**Your assignment**
Leave out the pictures and set down the rest of the listing below word for word.

**Data block**
((
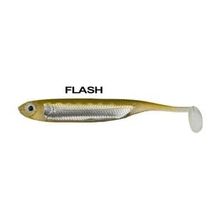 Ryuji Real Fish 8 cm 5 Adet Flash Silikon Yem
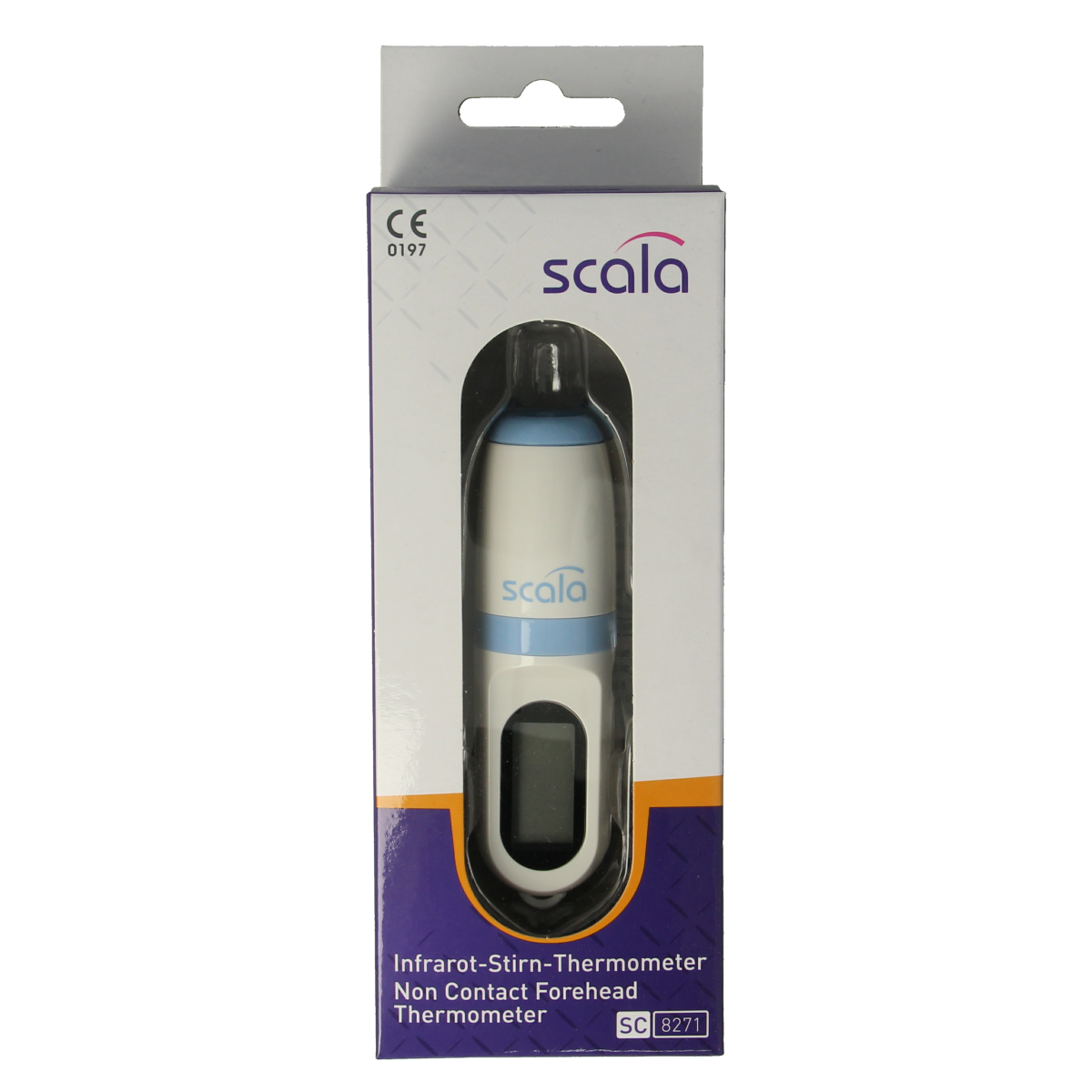 Scala Voorhoofdthermometer SC8721 1.00 Stuks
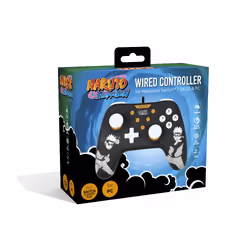 Konix Naruto 80381116686 Gaming Controller Black USB Gamepad Nintendo Switch, PC - Additional view 4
))
**Result of this exercise**
 Ryuji Real Fish 8 cm 5 Adet Flash Silikon Yem
 Scala Voorhoofdthermometer SC8721 1.00 Stuks
 Konix Naruto 80381116686 Gaming Controller Black USB Gamepad Nintendo Switch, PC - Additional view 4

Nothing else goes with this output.